• **TASK DESCRIPTION**:
Transcribe nothing except the lines below that run from the one with "South Georgia native" to the one with "Kitchen with dishwasher, white", ends included, and do not copy any picture.

• **SUPPLIED MATERIAL**:
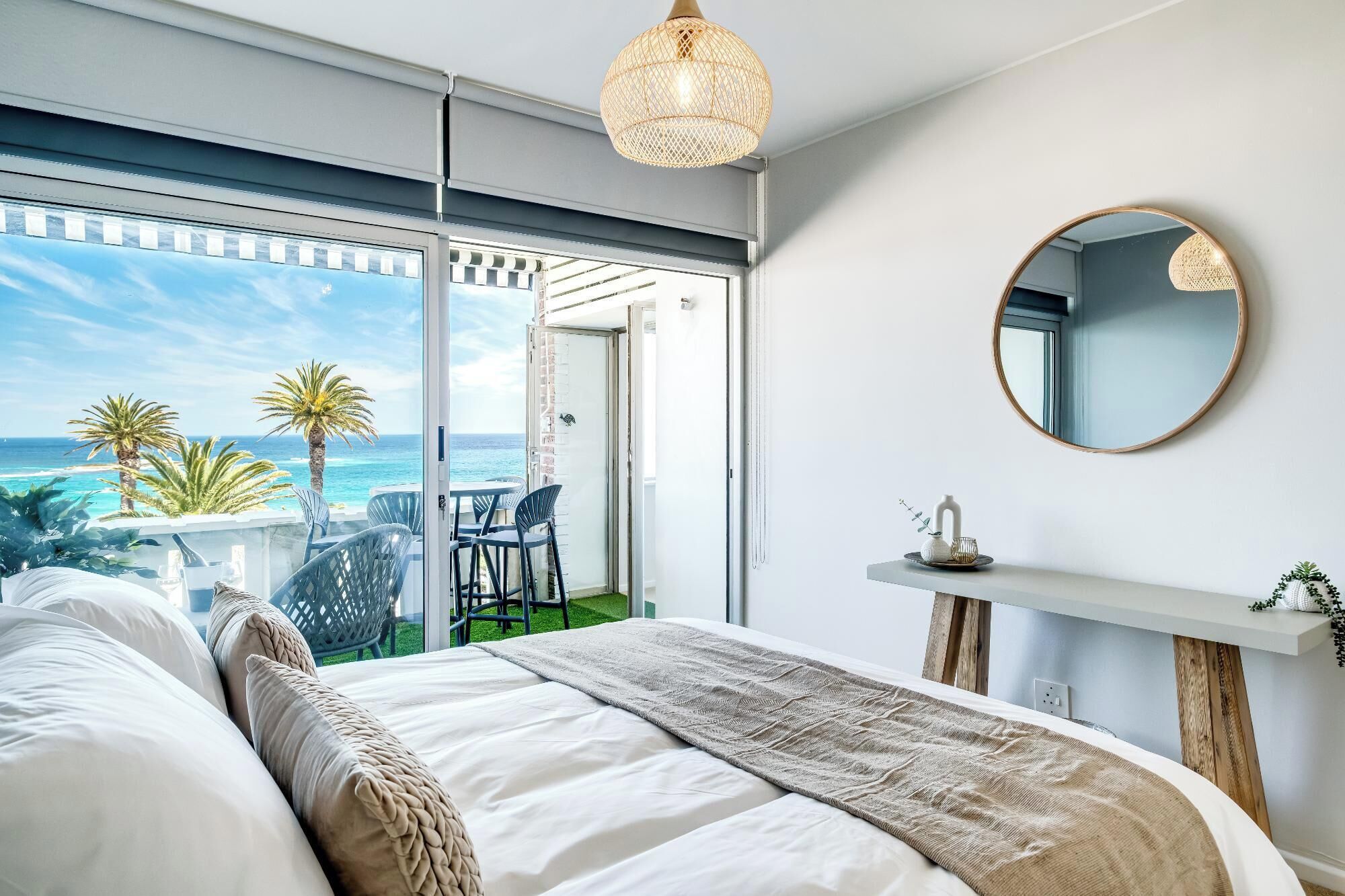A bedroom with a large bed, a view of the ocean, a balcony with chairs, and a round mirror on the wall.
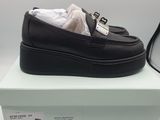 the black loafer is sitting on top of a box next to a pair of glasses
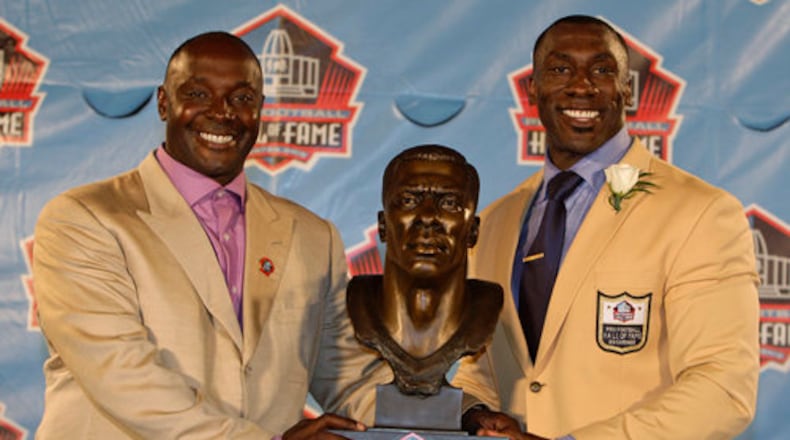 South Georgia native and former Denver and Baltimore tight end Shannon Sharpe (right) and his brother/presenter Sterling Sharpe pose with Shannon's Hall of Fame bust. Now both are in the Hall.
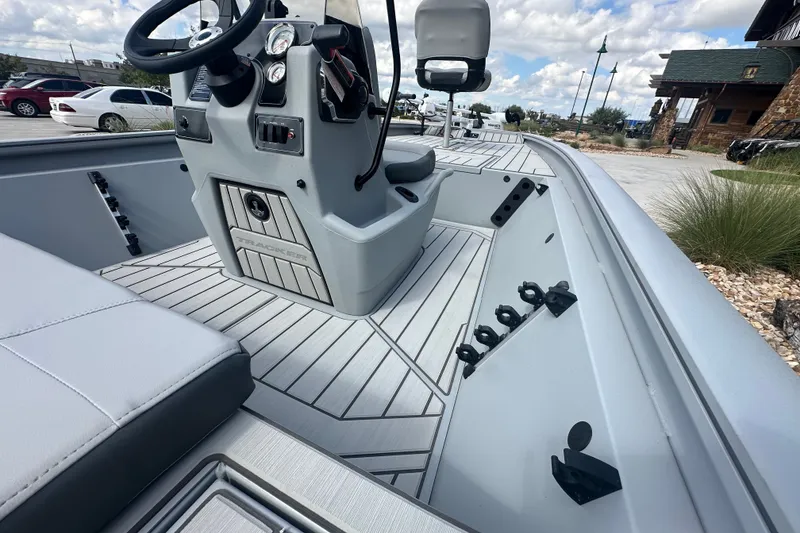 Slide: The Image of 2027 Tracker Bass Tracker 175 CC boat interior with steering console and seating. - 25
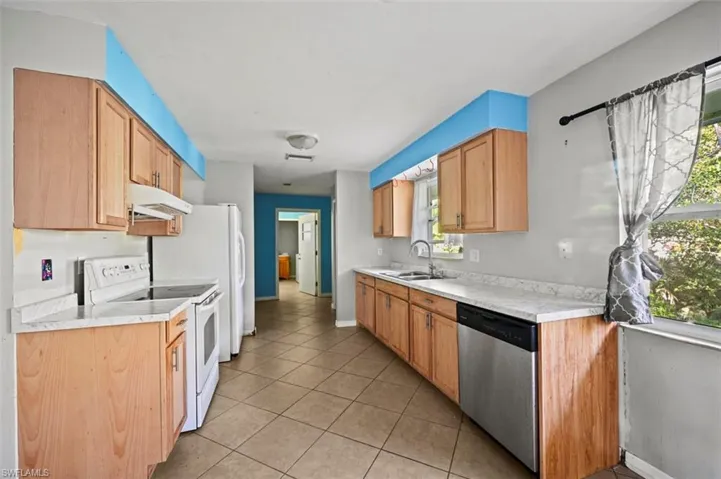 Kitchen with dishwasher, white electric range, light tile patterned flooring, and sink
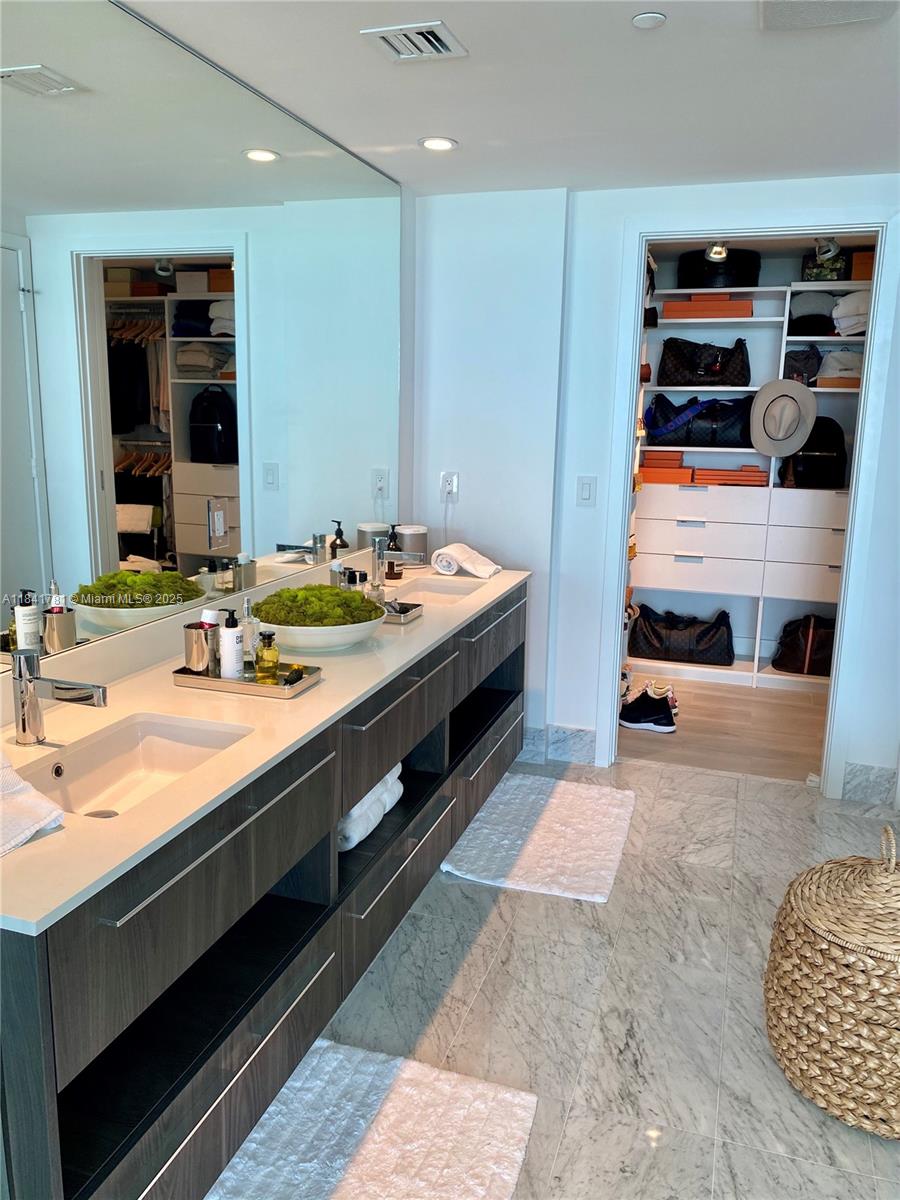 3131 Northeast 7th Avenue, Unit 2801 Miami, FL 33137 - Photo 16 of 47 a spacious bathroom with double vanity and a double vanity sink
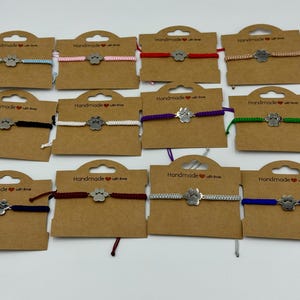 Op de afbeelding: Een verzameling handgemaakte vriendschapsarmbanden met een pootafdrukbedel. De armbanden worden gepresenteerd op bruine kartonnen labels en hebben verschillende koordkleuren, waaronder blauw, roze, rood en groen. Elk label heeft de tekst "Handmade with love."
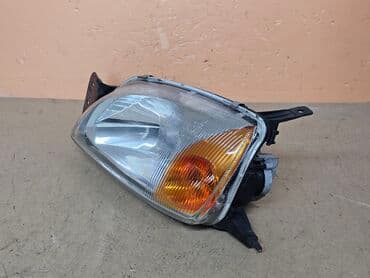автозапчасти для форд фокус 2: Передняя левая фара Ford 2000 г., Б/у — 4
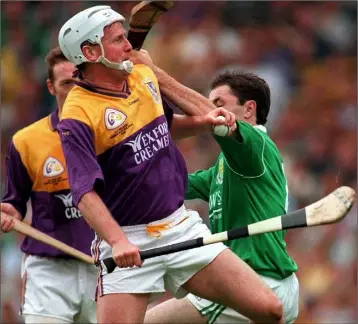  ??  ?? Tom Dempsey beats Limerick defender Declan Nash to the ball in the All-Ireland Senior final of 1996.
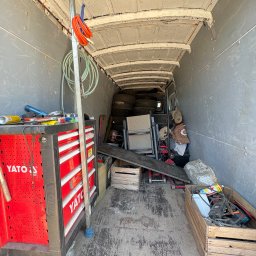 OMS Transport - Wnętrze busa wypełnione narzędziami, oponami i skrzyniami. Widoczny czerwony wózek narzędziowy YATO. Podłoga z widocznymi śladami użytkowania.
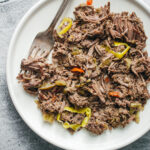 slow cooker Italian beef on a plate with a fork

• **SOLUTION**:
 South Georgia native and former Denver and Baltimore tight end Shannon Sharpe (right) and his brother/presenter Sterling Sharpe pose with Shannon's Hall of Fame bust. Now both are in the Hall.
 Slide: The Image of 2027 Tracker Bass Tracker 175 CC boat interior with steering console and seating. - 25
 Kitchen with dishwasher, white electric range, light tile patterned flooring, and sink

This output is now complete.